It was a triumphant return to St. Louis for Albert Pujols on Friday night. Albert legged out an infield single that beat the throw to first by a substantial margin, took a four pitch walk, and hit a deep fly ball that stunned the anxious crowd. It was definitely fun for everyone involved. Too bad the Angels weren’t involved.
Michael Wacha, literally the worst that the Cardinals could offer, was moved up to start against the Angels because reasons. Fortunately for the massive crowd of real fans, a lifeless Angels squad would be utterly quashed by his middling, shaky, and wild stuff.
The Angels would muster 5 hits against the former MLB-quality pitcher, 4 of which came via Justin Upton and Mike Trout. The two took advantage of some fielding antics by Harrison Bader in the 1st to score a run and that was it. The Angels would get pitched around and fail with runners in scoring position the rest of the night. 5 of the Angels’ 8 strikeouts would be looking at pitches well in the zone.

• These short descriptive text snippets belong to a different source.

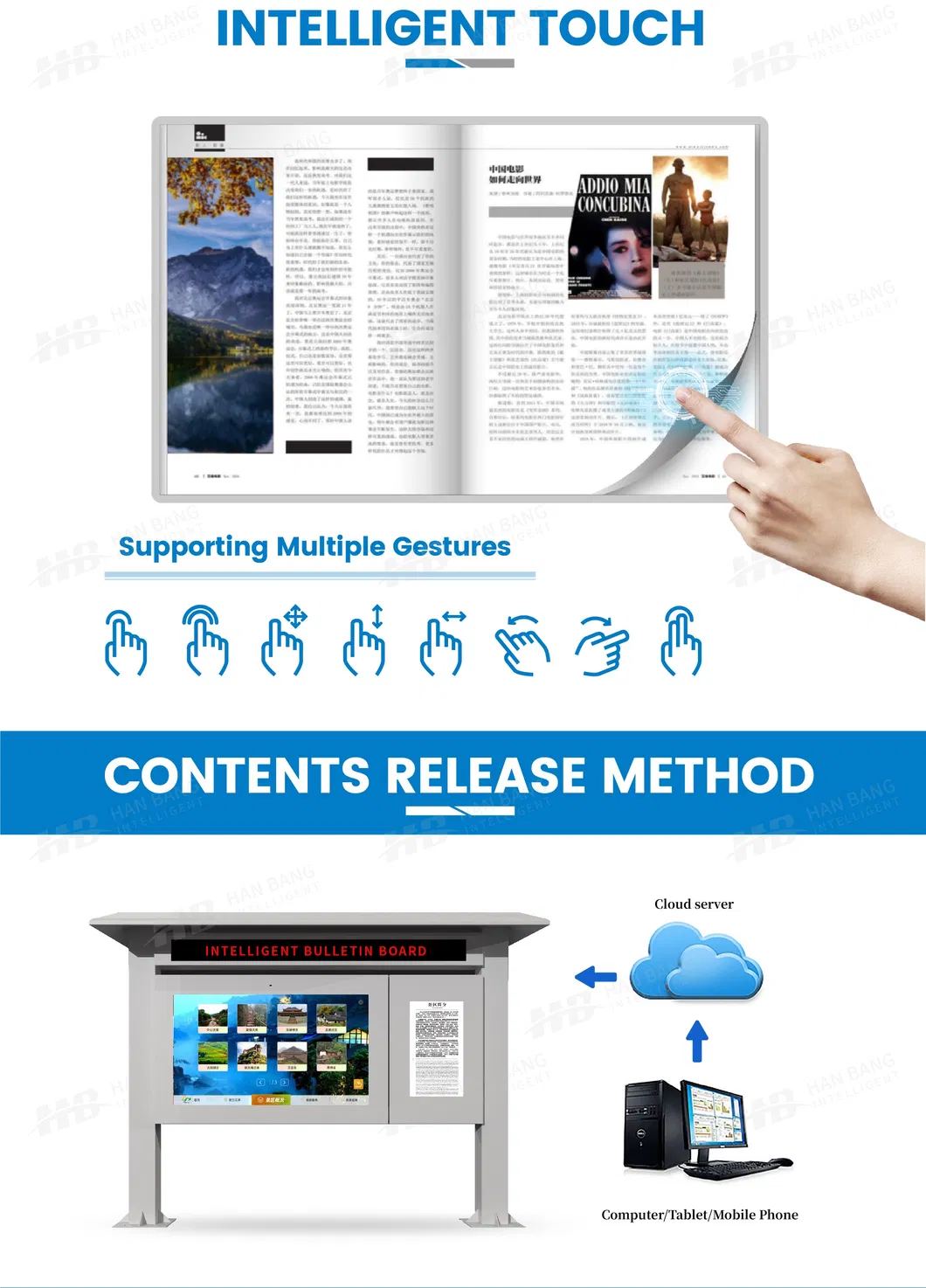 Smart Kiosk Digital Signage 7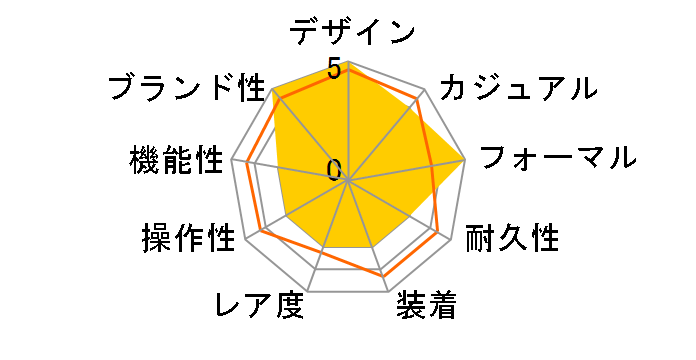 �J���g���o 5119R-001�̃��[�U�[���r���[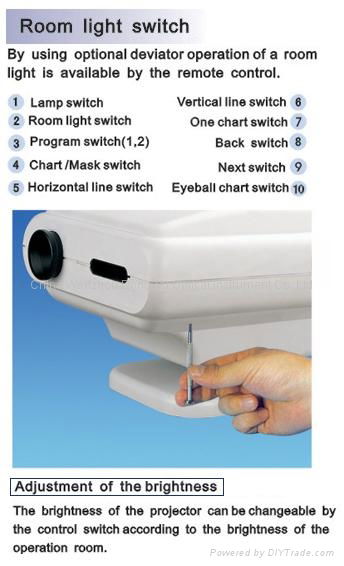 TW-500 Auto chart projector 4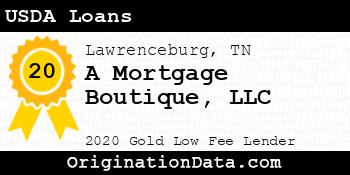 A Mortgage Boutique USDA Loans gold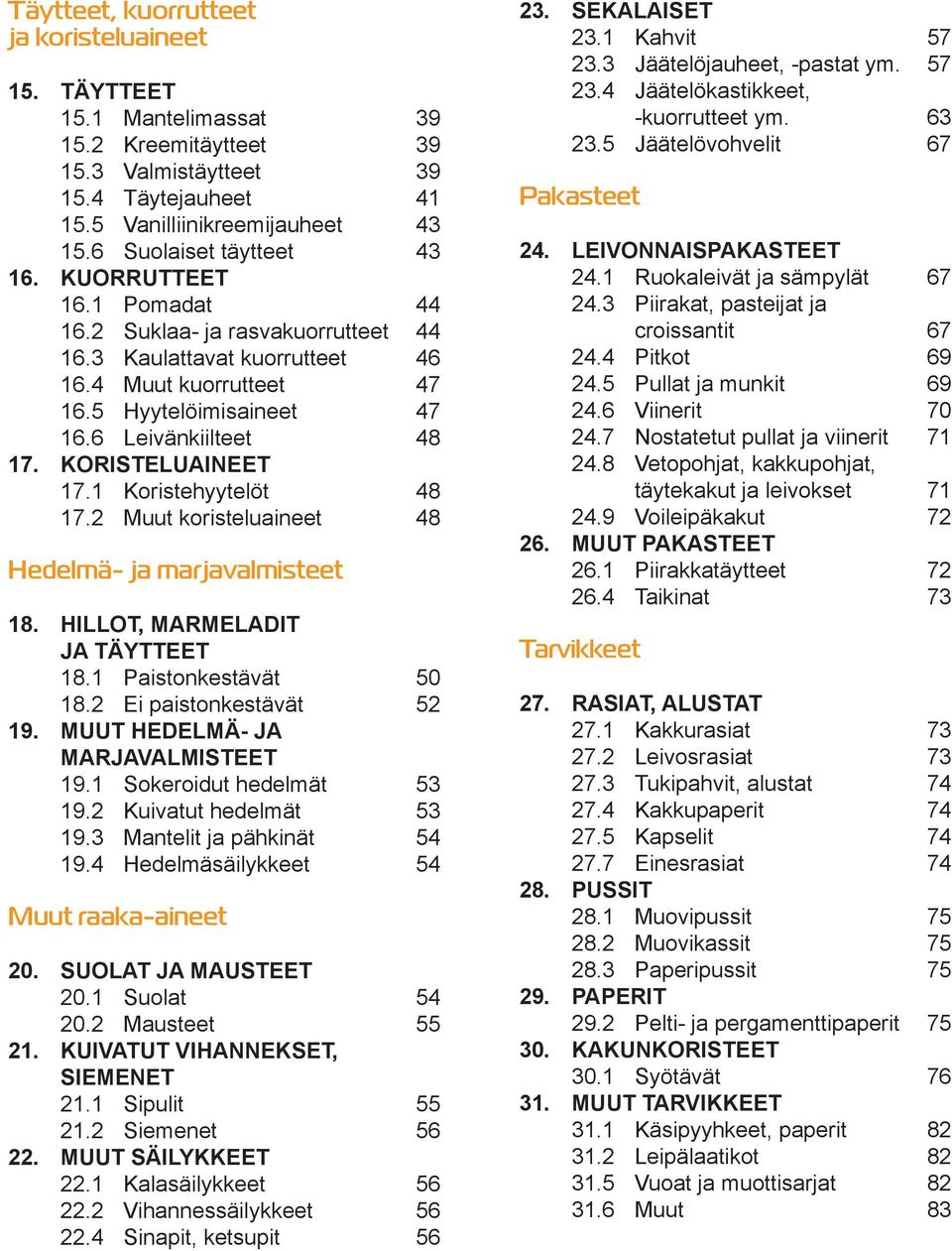 6 Leivänkiilteet 48 17. KORISTELUAINEET 17.1 Koristehyytelöt 48 17.2 Muut koristeluaineet 48 Hedelmä- ja marjavalmisteet 18. HILLOT, MARMELADIT JA TÄYTTEET 18.1 Paistonkestävät 50 18.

Meanwhile, Griffin Canning was stellar... for 3 innings. 9 up, 9 down. It was beautiful and he looked like that bulldog we all know and love, even buckling down for his first out after a game-halting siren was tripped. I had a beautiful title ready that began, “Whiffin’ Canning alarms real fans.” He then walked Carpenter in the 4th and his command escaped him. He ended his night after 5 1⁄3 with only 4 hits allowed, but an uncharacteristic 3 walks allowed, an extremely low 3 strikeouts, and 2 earned runs, both of which came at the hands of a pesky Marcell Ozuna.
Fortunately, Luke Bard was called up to put away any stressful thoughts of postseason contention and Wild Card chases.
Welcome back to another episode of Sub-.500, where the effort’s made up and the games don’t matter. If you are interested, Trout’s OPS rose to 1.121 behind 2 singles and a walk. If you aren’t, I don’t blame you dude.